> [Prompt] Every line from the one holding "Bahia marca presença" to the end of the entries should be repeated exactly, with the pictures left out.

==================================================

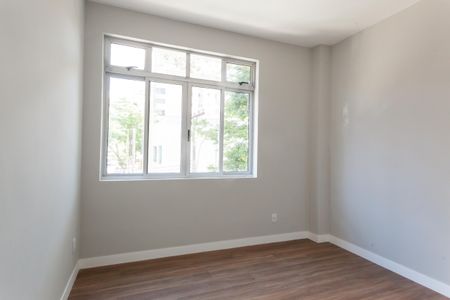 Apartamento à venda com 110m², 3 quartos e 2 vagas Apartamento à venda com 110m², 3 quartos e 2 vagasquarto 1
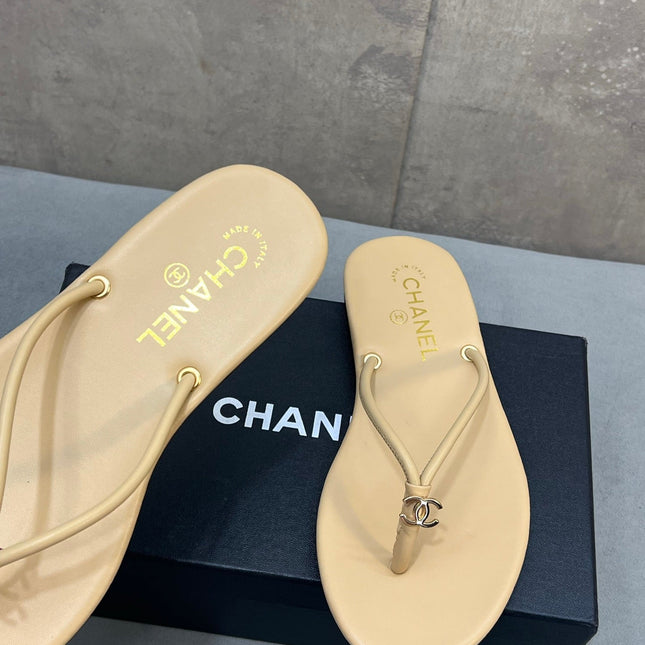 CHANEL 26S FLIP FLOPS IN BEIGE CALFSKIN CC LOGO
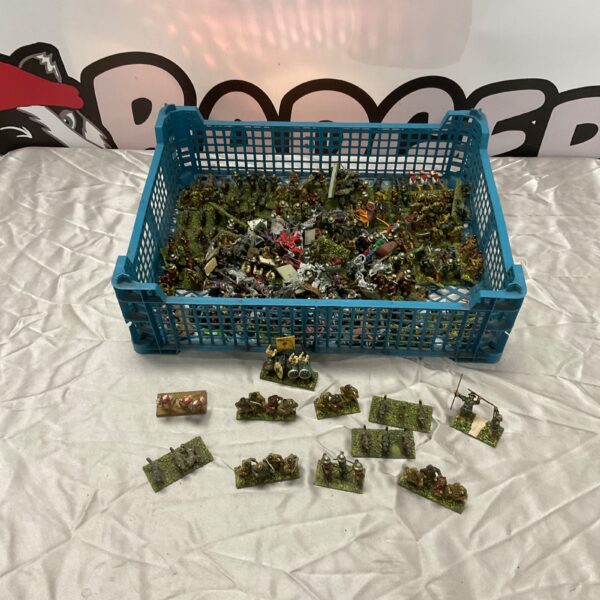 Large collection of vintage lead soldier models in a tray.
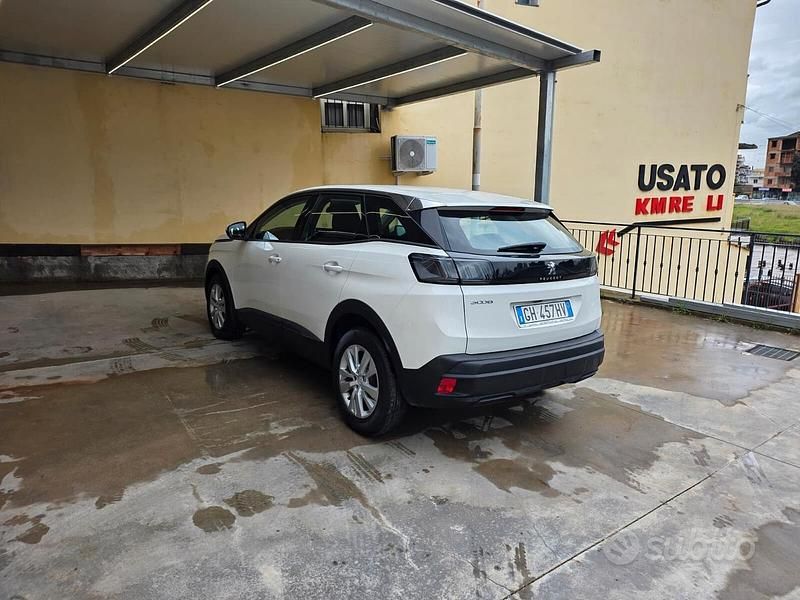 Usata Peugeot 3008 Active 176 CV (129 kW) 2021 Bianco SUV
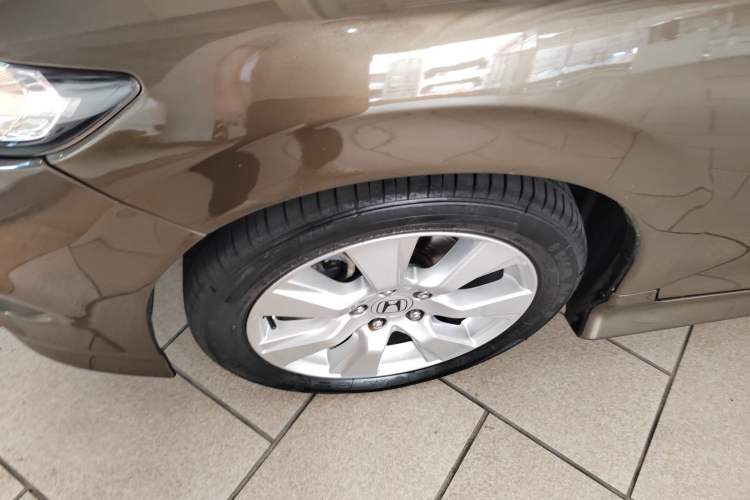 Used Honda Jade 2014 1.8L Automatic Comfort Elite Version 5 Seats Left Front Wheel Hub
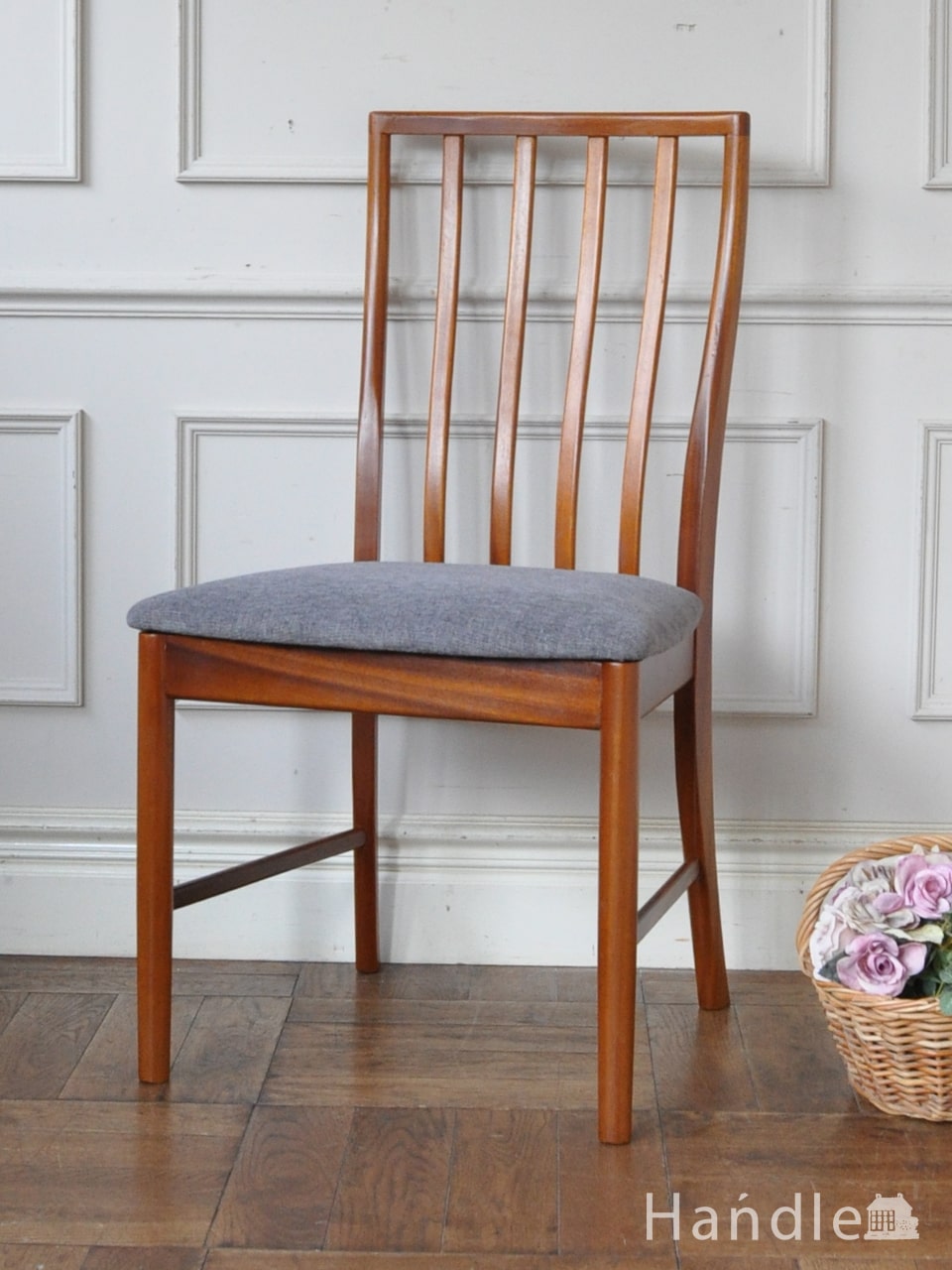 マッキントッシュのおしゃれな椅子、北欧デザインのイギリスヴィンテージチェア (x-527-c)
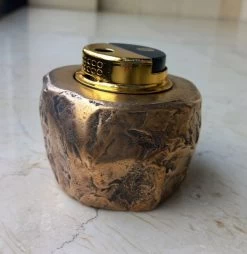 Briquet Brutaliste En Bronze De Table -Fournitures Pour Fumeurs 4dc8b770 cc3e 4d57 930d 5f4f826faf15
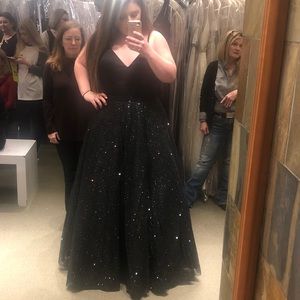 Madison James Ballgown prom dress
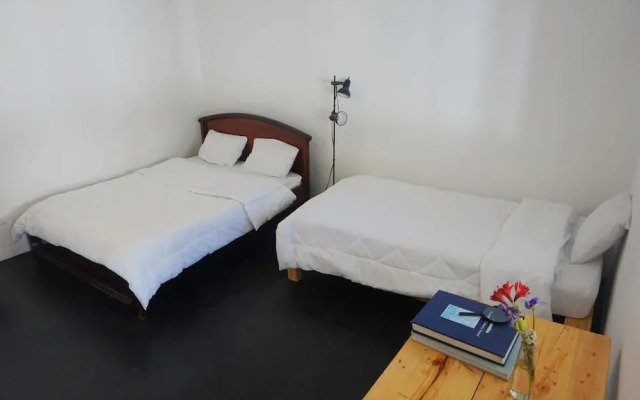 El Yarumo Hostel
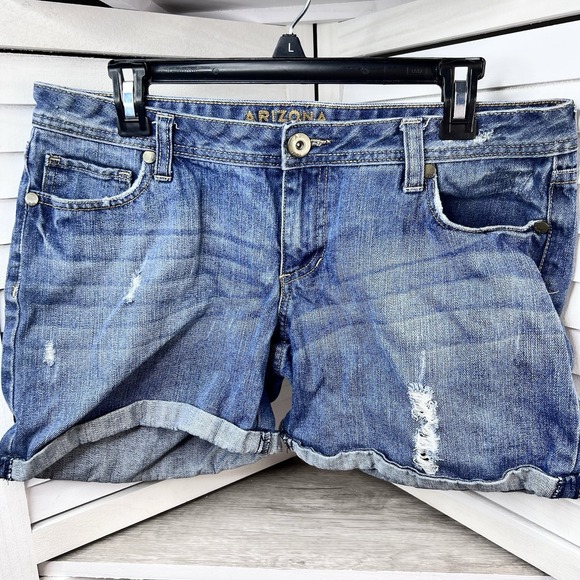 Arizona Jean Co Distressed Cuffed Denim Shorts Juniors Size 13 (33") Y2K‎ *FLAW - Picture 1 of 5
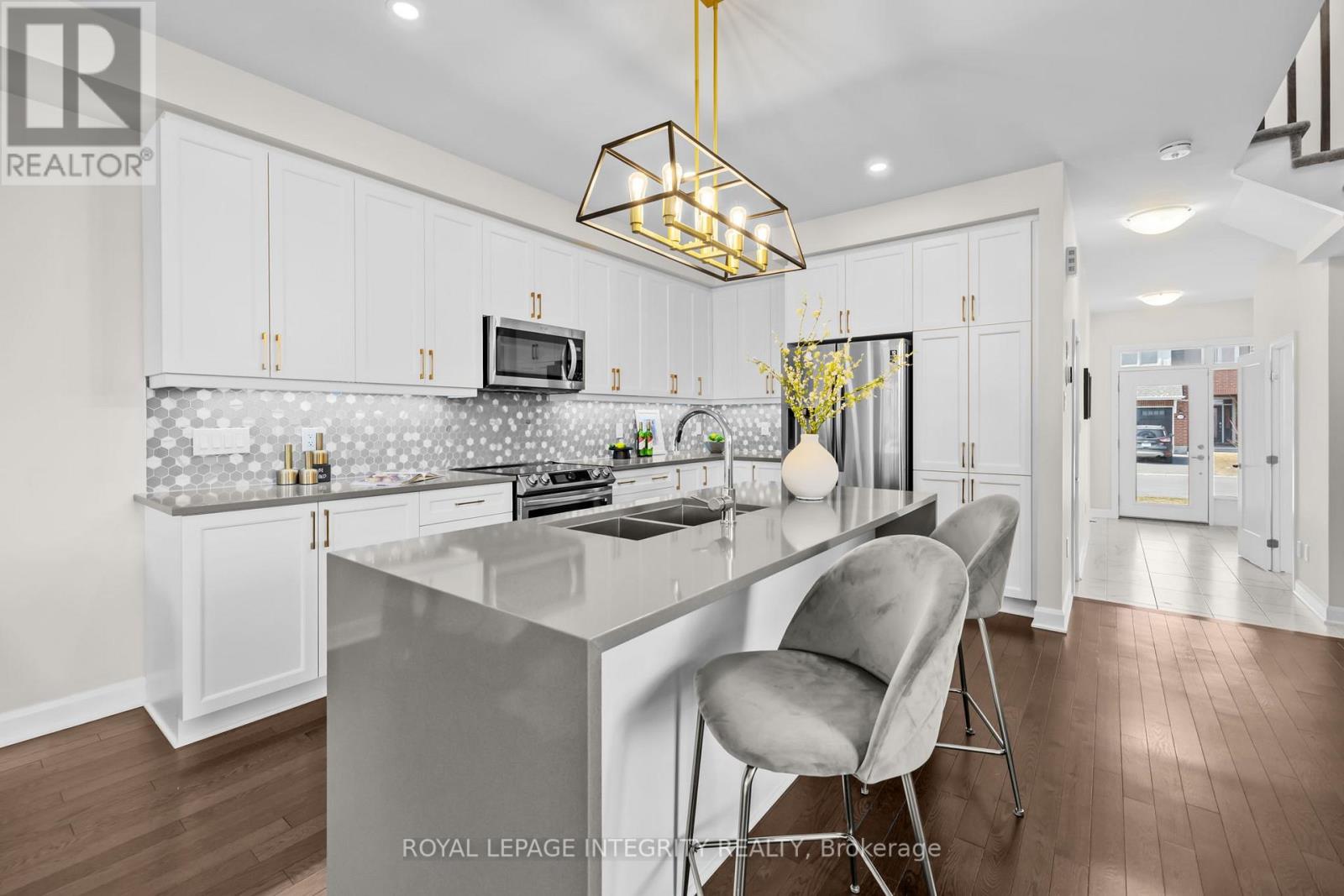 4 Bed, 3 Bath House for Sale in Ottawa – 133 ANGELONIA CRESCENT, Ottawa – MLS# X13633890 - Image 7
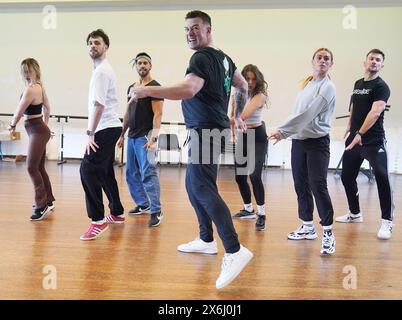 Rigorosamente come ballerino professionista Kai Widdrington durante le prove in uno studio di danza londinese prima dell'apertura del tour dietro la magia. Data foto: Mercoledì 15 maggio 2024. Foto Stock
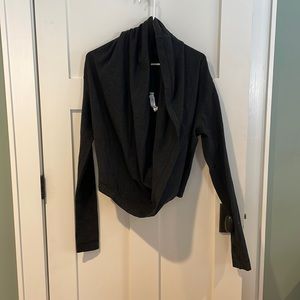 Lululemon wrap sweatshirt size 12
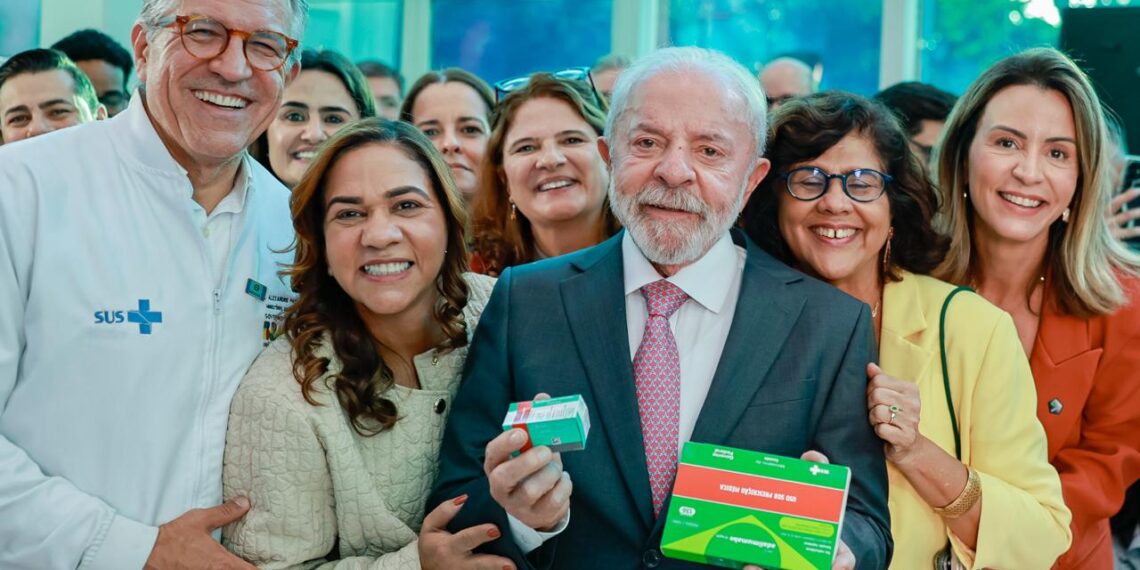 Bahia marca presença em visita de Lula e Padilha à fábrica de produção de medicamentos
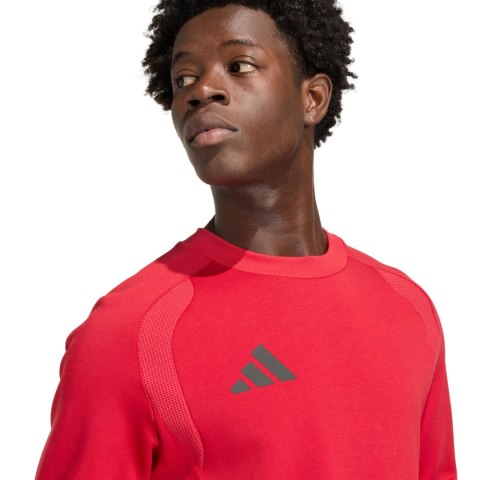 Bluza męska adidas Tiro 26 Travel Crew czerwona KD3324 2XL Adidas teamwear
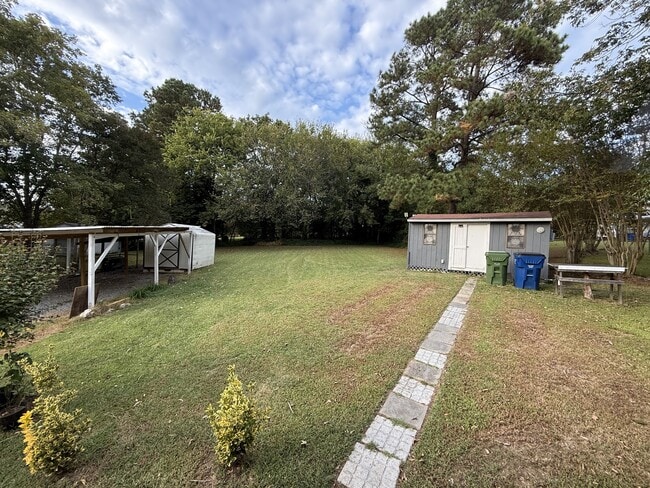Photo - 208 Travora St
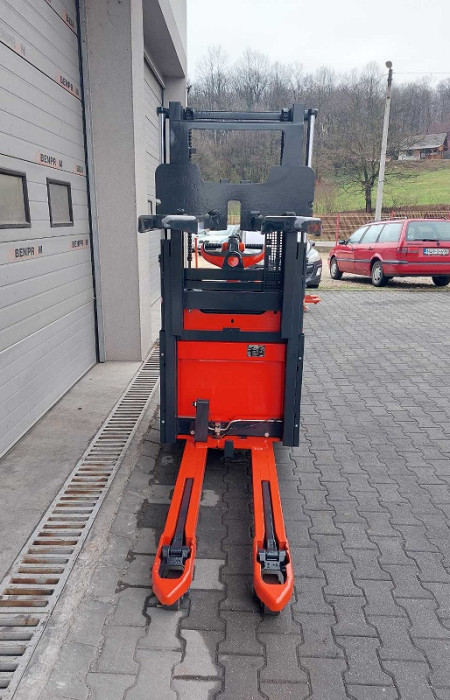 Elektro paletar - Viljuskar LINDE D12AP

==================================================

> [Final answer]
 Bahia marca presença em visita de Lula e Padilha à fábrica de produção de medicamentos
 Bluza męska adidas Tiro 26 Travel Crew czerwona KD3324 2XL Adidas teamwear
Photo - 208 Travora St
 Elektro paletar - Viljuskar LINDE D12AP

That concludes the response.